From a pathogenic point of view, it is conceivable that an excessive intake of symptomatic drugs up to the point of medication overuse could interfere with brain structures involved in pain control. Neurophysiological studies demonstrated a widespread facilitation in pain responses at cephalic and extracephalic sites, coupled with a defective functioning of supraspinal structures, including the subnucleus reticularis dorsalis, involved in supraspinal descending control of pain (Perrotta et al., 2010). Neuroimaging studies demonstrated metabolic abnormalities in cortical areas involved in reward behaviors that are dysfunctioning in drug dependence, such as orbitofrontal cortex (Fumal et al., 2006). Interestingly, it was demonstrated that, in subjects who clinically improved after withdrawal detoxification treatment, these metabolic and neurophysiological abnormalities rapidly reverted to a condition close to that of subjects with episodic migraine (Fumal et al., 2006; Perrotta et al., 2010).
Riederer, Sándor, and colleagues have published an interesting paper that focuses attention on the structural changes of gray matter in subjects with MOH who underwent a detoxification program, by using a voxel-based morphometry (VBM) method, a technique devoted to identifying structural changes in brain structures.
In previous VBM work (Riederer et al., 2012), Riederer and colleagues demonstrated, in MOH patients compared to healthy control subjects, decreased gray matter in orbitofrontal cortex and increased gray matter in midbrain areas involved in the diffuse system of pain control, including periaqueductal gray matter, subnucleus reticularis dorsalis, and rostroventromedial medulla. These data permitted the hypothesis that in MOH subjects, neurophysiological and metabolic abnormalities are sustained by structural changes in the central nervous system. In the current study, the same authors demonstrated that subjects who responded to detoxification treatment showed a significant reduction in the previously increased midbrain gray matter when compared to ones in whom detoxification treatment failed to clinically improve headache, and that the magnitude of the reduction was positively correlated with the magnitude of the clinical improvement.
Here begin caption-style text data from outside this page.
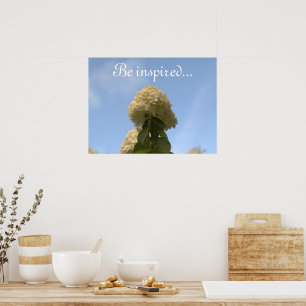 Poster Fleurs d'Hydrangea Ciel Bleu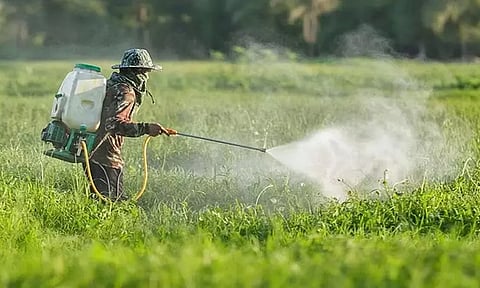 தடை செய்யப்பட்ட பூச்சிக்கொல்லி மருந்துகளை விற்றால் கடும் நடவடிக்கை - வேளாண் அதிகாரி தகவல்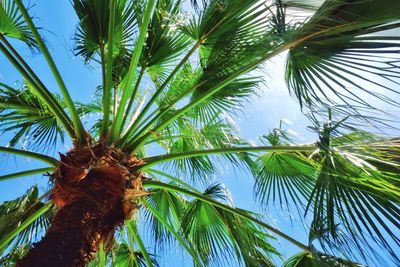 Low angle view of palm tree against sky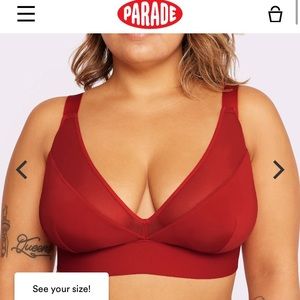 Parade Plunge Bralette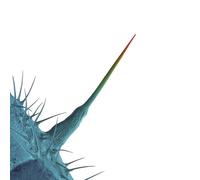 And I'Ll Scratch Yours (Cd)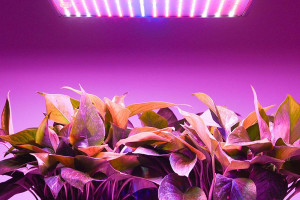 Как правильно расставить светильники с фито-освещением для равномерного освещения всех растений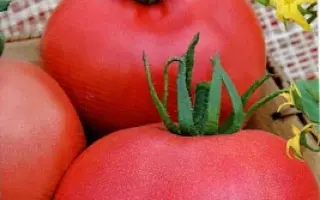 ПОДАРОК ТЕЩЕ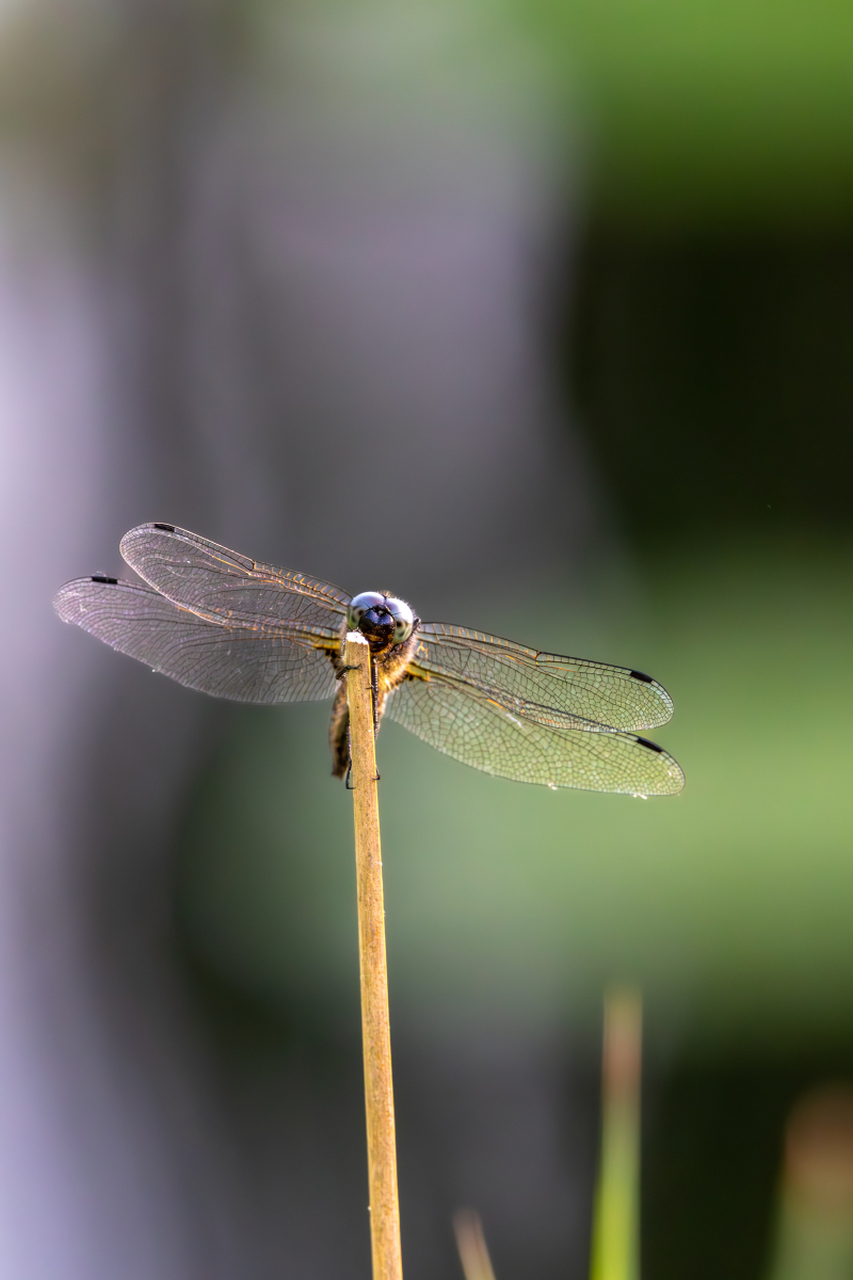 蜻蜓飞行时翅膀扇动次数比其他昆虫少,速度则快得多.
In addition, no change in the reduced orbitofrontal cortex gray matter was detected after detoxification treatment, but extensive reduction in the orbitofrontal cortex before detoxification treatment correlated with less clinical improvement from the treatment.
Adding to metabolic and neurophysiological evidence, this paper significantly contributes, in my opinion, to the understanding of the mechanisms involved in chronification of episodic forms of migraine. The authors describe a treatment-dependent structural change in midbrain gray matter, probably reflecting a plastic rearrangement of neuronal networks involved in the diffuse descending supraspinal control of pain and coupled with a stable structural change in pivotal areas for drug dependence. Taken together, neurophysiological, metabolic, and structural evidence seems to support the hypothesis that in a subgroup of predisposed migraineurs, the excessive intake of symptomatic drugs could interfere with the functional balancing of the diffuse supraspinal control of pain, shifting an episodic form of migraine into a chronic form. To better understand the role of medication overuse in the pathophysiology of headache pain chronification, further studies should be done to evaluate the rare patients with chronic forms of migraine without medication overuse compared with MOH subjects, free from prophylactic treatment.